GIVEN RECORDS:

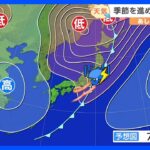 【11月7日 関東の天気】季節を進める“秋の嵐”に｜TBS NEWS DIG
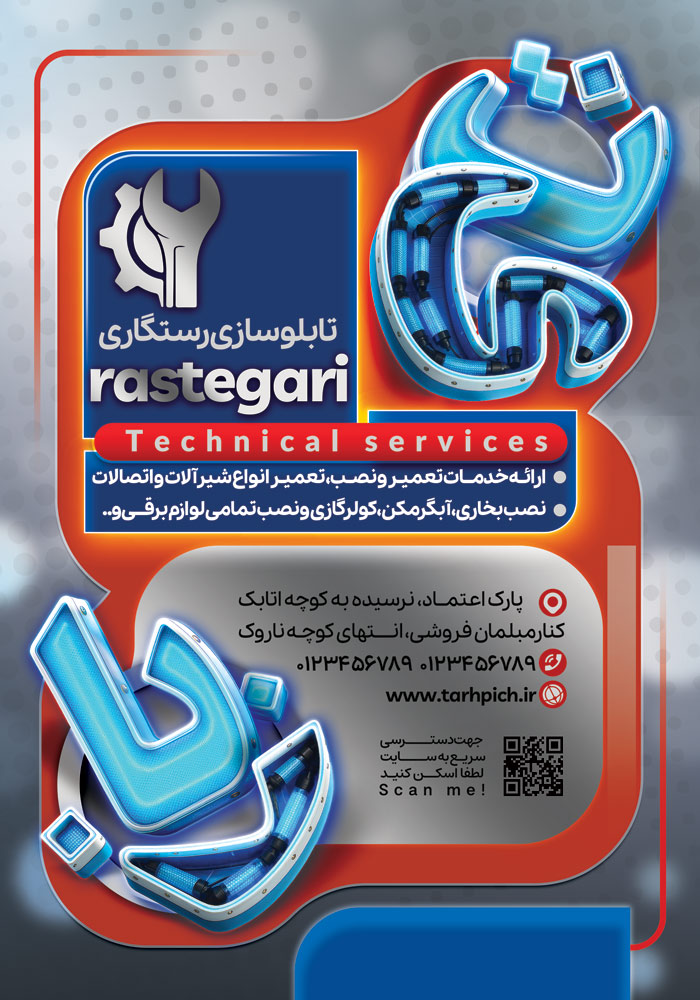 دانلود تراکت تابلو سازی و چنلیوم رستگاری با حروف نئونی فارسی چنلیوم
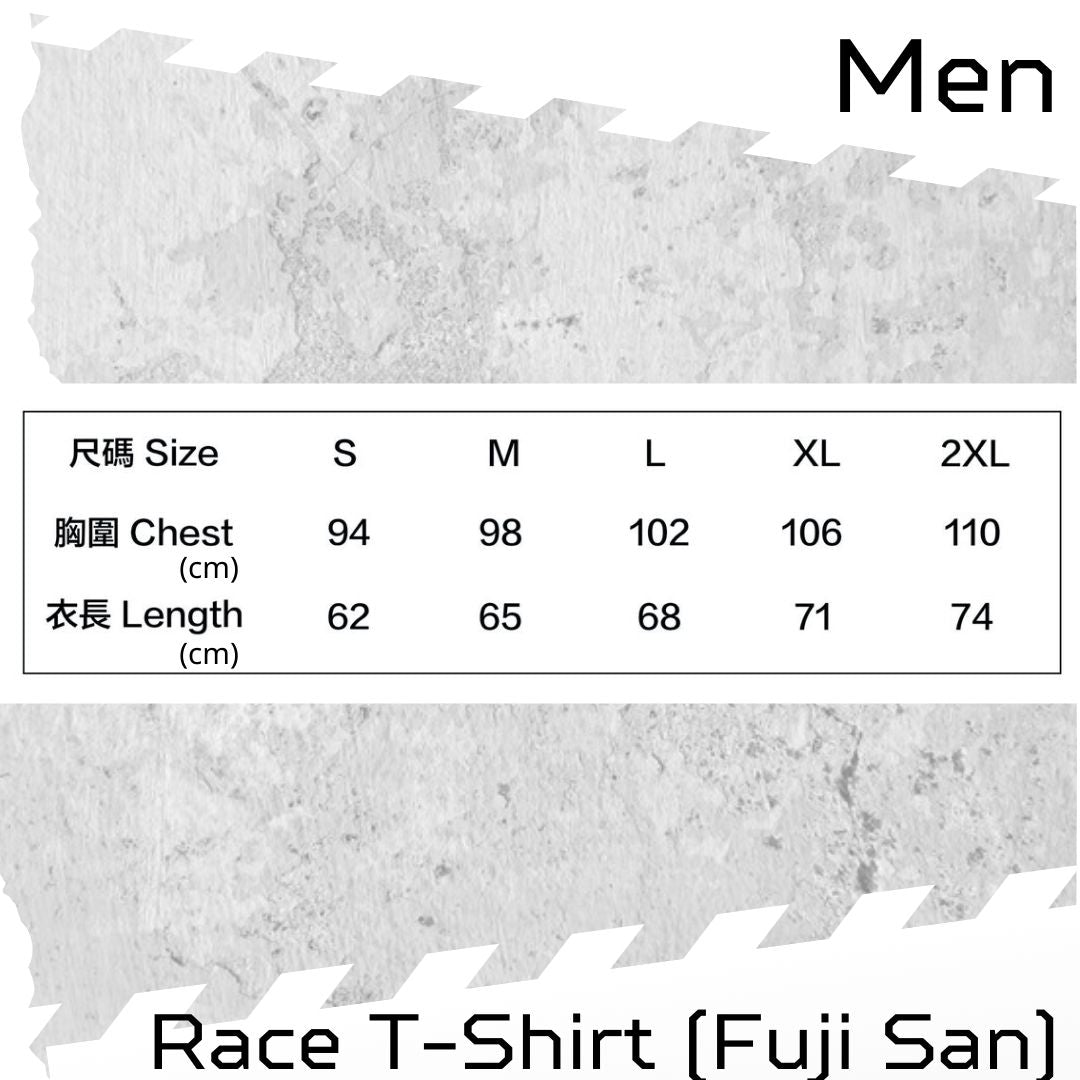 【Men】 Race T-Shirt (Fuji San)
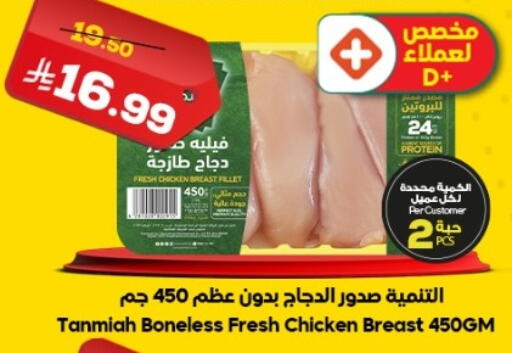 available at Dukan in KSA, Saudi Arabia, Saudi - Jeddah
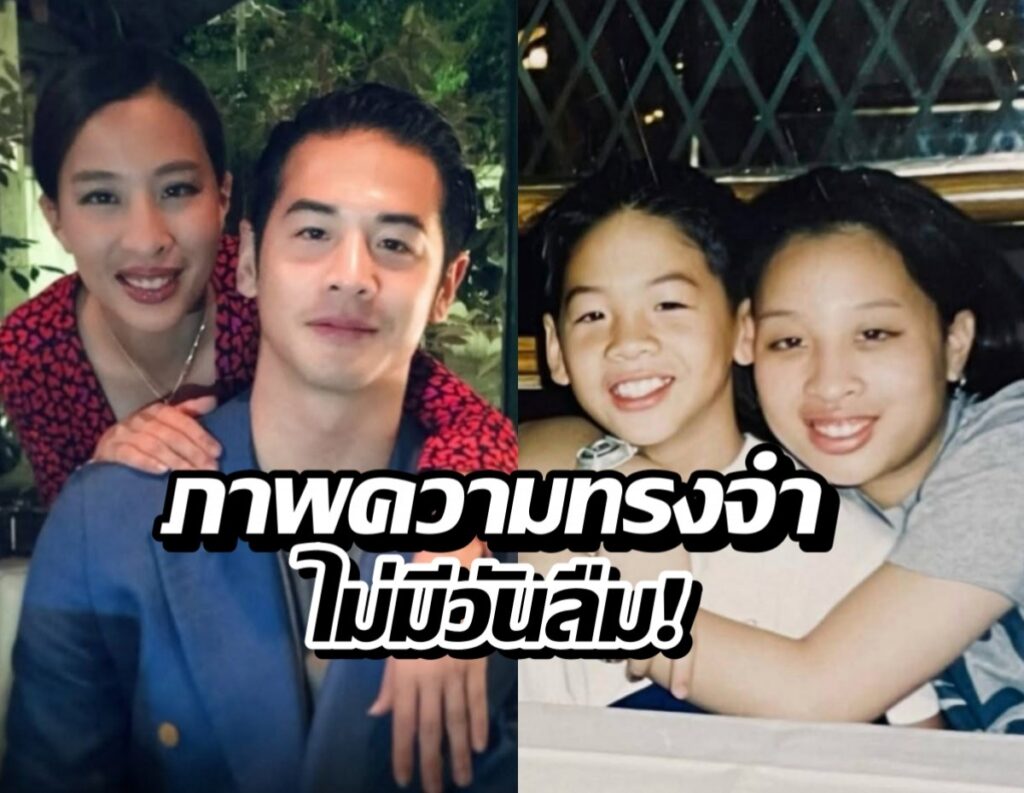 เป๋า วฤธ เผยภาพความทรงจำ ถวายอาลัยเจ้าฟ้าพัชรกิติยาภาฯ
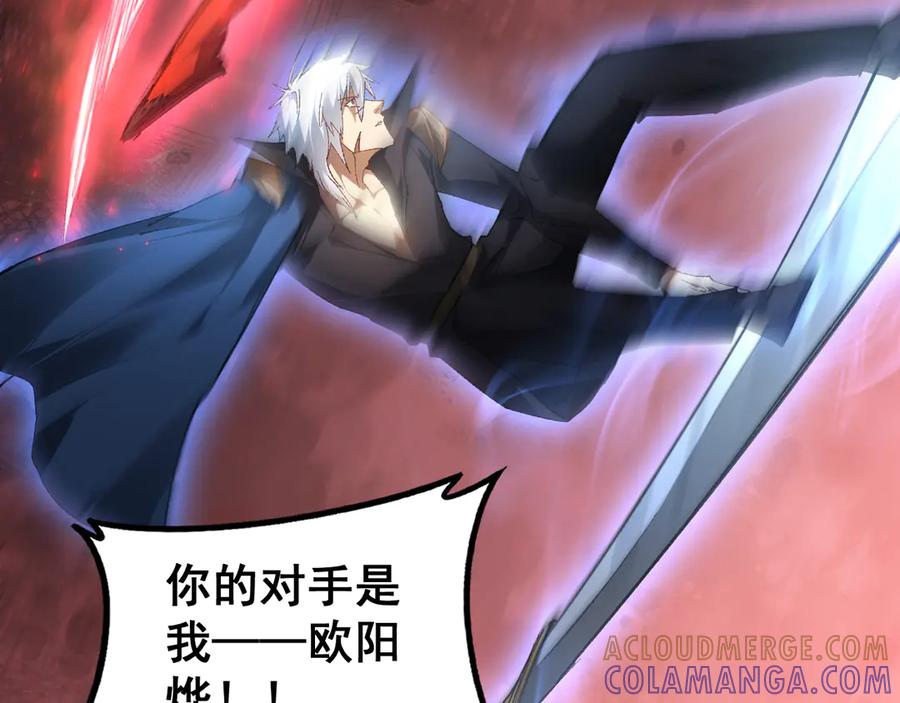 《虫族主宰：我玩的就是天灾》第74话 杀敖乾！战圣子！ 第101页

TRY IT: Reproduce the listing exactly. The pictures are to be omitted.

SOLUTION TO THIS EXERCISE:
 【11月7日 関東の天気】季節を進める“秋の嵐”に｜TBS NEWS DIG
 دانلود تراکت تابلو سازی و چنلیوم رستگاری با حروف نئونی فارسی چنلیوم
 【Men】 Race T-Shirt (Fuji San)
 available at Dukan in KSA, Saudi Arabia, Saudi - Jeddah
 เป๋า วฤธ เผยภาพความทรงจำ ถวายอาลัยเจ้าฟ้าพัชรกิติยาภาฯ
 《虫族主宰：我玩的就是天灾》第74话 杀敖乾！战圣子！ 第101页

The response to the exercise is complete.